From Dark Video to Structured Assets: How We Built Segment Metadata Extraction

Broadcasters, sports leagues, media companies, and enterprise platforms sit on petabyte-scale video archives. Most of that content is what we call dark video — it exists, but you can't search it, it isn't structured, and you can't operate on it at the level of meaning.

The reason is almost embarrassingly simple: video isn't text. You can't grep a video file, and SELECT * FROM video WHERE scene = 'scoring_play' isn't a thing. For video to carry economic value, it first has to be broken down into structured segments and machine-readable metadata. We call this video assetization.

This post is the story of how we've built Time-Based Metadata (TBM) and the evaluation system around it. One thing has become clear along the way: designing and evaluating temporally-grounded video understanding requires a different approach from what works for text or image models.

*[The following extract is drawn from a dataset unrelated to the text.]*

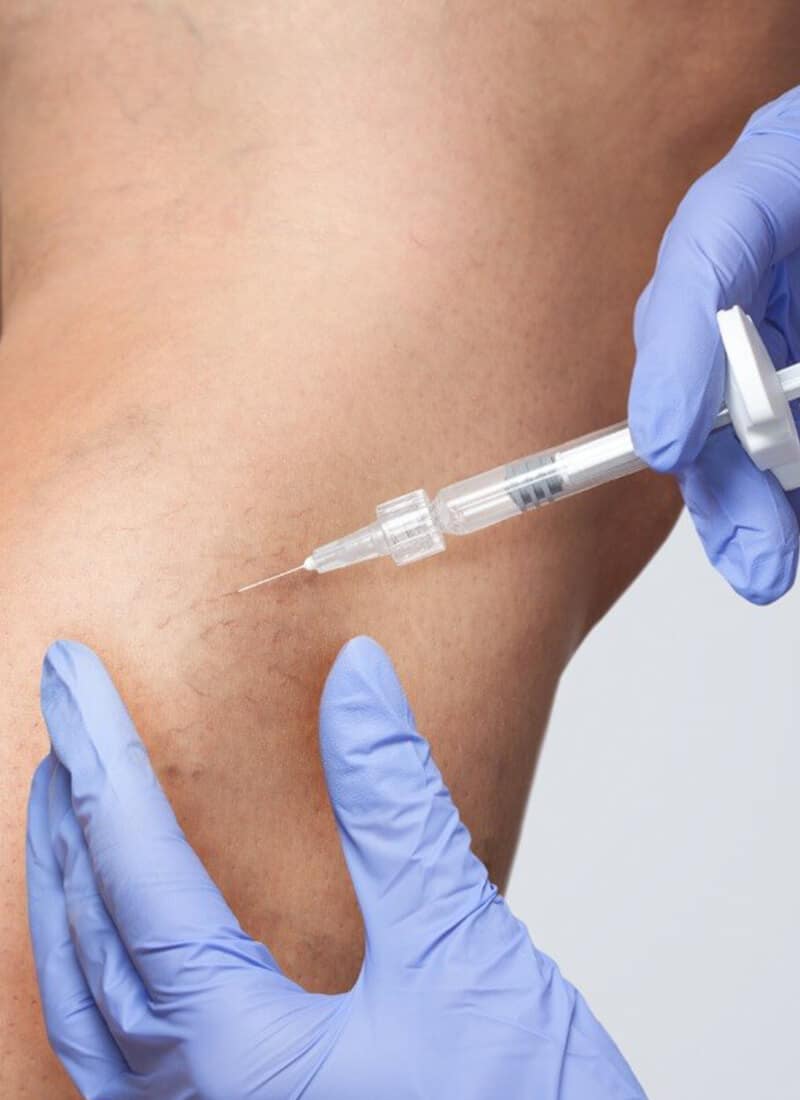 home-Sclerotherapy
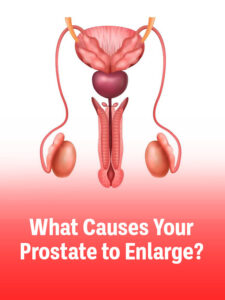 What-causes-your-prostate-to-enlarge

1. The Assetization Gap: What Customers Actually Want

Picture a broadcaster managing a 200,000-hour news archive. Today, that work is done by hand. Archivists manually log each segment, tag stories, identify speakers, and mark topic boundaries. It costs roughly $15 per hour of video, and budgets are shrinking. This simply doesn't scale.

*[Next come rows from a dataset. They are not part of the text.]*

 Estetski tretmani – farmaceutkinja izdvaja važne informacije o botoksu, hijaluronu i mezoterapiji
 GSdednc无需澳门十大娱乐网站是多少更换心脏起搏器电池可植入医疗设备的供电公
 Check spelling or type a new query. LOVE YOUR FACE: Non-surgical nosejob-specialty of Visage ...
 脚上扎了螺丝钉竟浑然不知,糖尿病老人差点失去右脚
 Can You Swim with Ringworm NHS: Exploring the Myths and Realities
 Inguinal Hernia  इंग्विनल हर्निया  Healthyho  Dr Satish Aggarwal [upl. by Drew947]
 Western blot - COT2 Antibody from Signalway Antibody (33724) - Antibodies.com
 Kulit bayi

Or take a CPG brand trying to track its product placements across thousands of influencer videos. They need every moment a creator speaks to camera while the product is on screen. It's not enough to know the product appeared — they need to know exactly when, how prominently, and in what context.

These aren't hypotheticals. Broadcast archive management, sports highlight automation, brand intelligence, compliance auditing — nearly every enterprise video workload we encounter demands two independent things at once:

1. Precise temporal boundaries: where does each segment start and end?

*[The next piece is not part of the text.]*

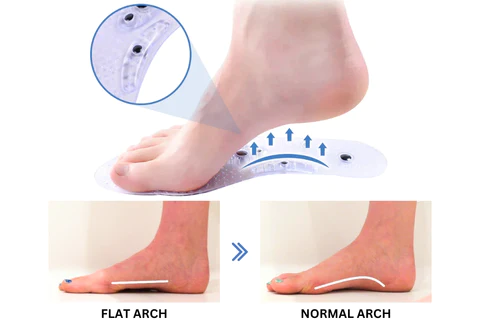 Oveallgo™ VeinCare MagAcupoint Reflexology Insole - Image 8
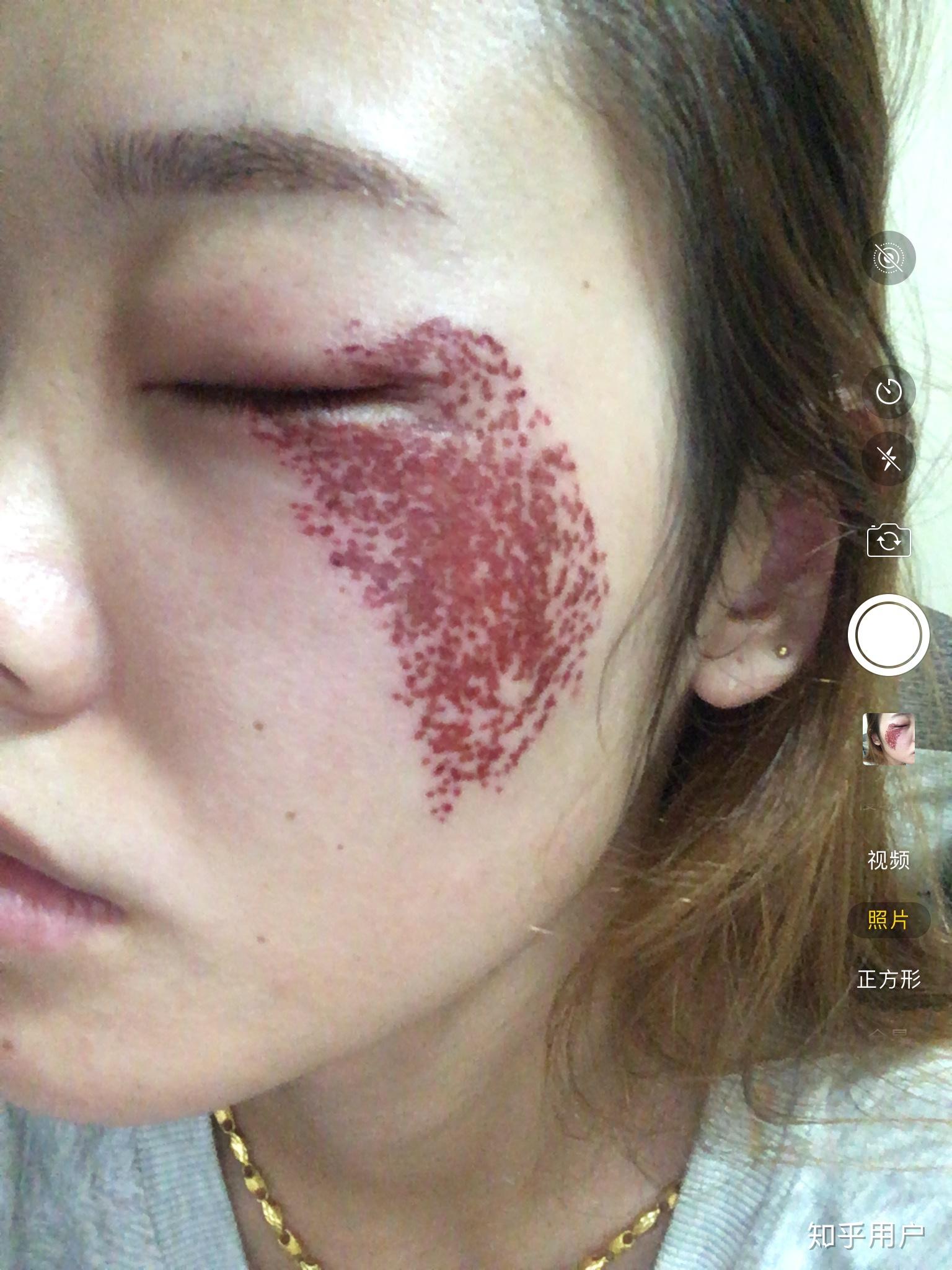 为什么我的调q激光做完都是血印子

2. Schema-conforming structured metadata: what happened inside that segment?

Ask most video-language models today "what's happening in this video?" and you'll get a fluent paragraph back. But the moment you ask for "the start/end timestamps of every editorial narrative, with structured fields for topic, speaker, and confidence," you quickly discover that general video reasoning and production-grade segmentation are very different problems.

Here's what a broadcaster actually needs as output. Each editorial segment requires a title, description, editorial subjects, named entities, and a confidence level. For a one-hour news program, TBM produces something like:

Each segment carries structured metadata — editorial_subjects, visual_subjects, names, confidence. That's the moment a one-hour program turns into a set of queryable objects.

2. Why Existing Approaches Fall Short

The Boundary Prediction Problem

Large language models excel at reasoning over a span — summarization, Q&A, content description. But predicting where the segment boundaries are is a different kind of task entirely.

Boundary prediction sits at the intersection of three hard problems:

• Weakly-supervised temporal localization: ground truth is sparse and subjective.

• Multimodal change-point detection: a boundary is defined by simultaneous shifts across visual, audio, and semantic signals.

• Token-level classification under autoregressive decoding: the model has to emit precise timestamps as tokens.

In our early experiments, even frontier models produced boundaries that were semantically reasonable but temporally off — segments that should have started on a hard cut would drift by 5 to 15 seconds. The model understood what was happening; it just couldn't pinpoint when.

Without a Schema, It Isn't an Asset

Most video-language models generate free-form text:

"This video shows a news broadcast. Around the two-minute mark it transitions to a sports segment..."

That's useful for a human reader. It's nearly useless for downstream automation. What enterprise workflows actually need looks like this:

{
  "start_time": 120.45,
  "end_time": 245.80,
  "metadata": {
    "segment_title": "NFL Playoff Recap",
    "editorial_subjects": ["NFL", "playoffs", "injury report"],
    "names": ["Patrick Mahomes", "Lamar Jackson"],
    "confidence": "HIGH"
  }
}

The gap between expressive text and machine-readable structured output isn't just a formatting issue. It's a modeling and evaluation problem intertwined.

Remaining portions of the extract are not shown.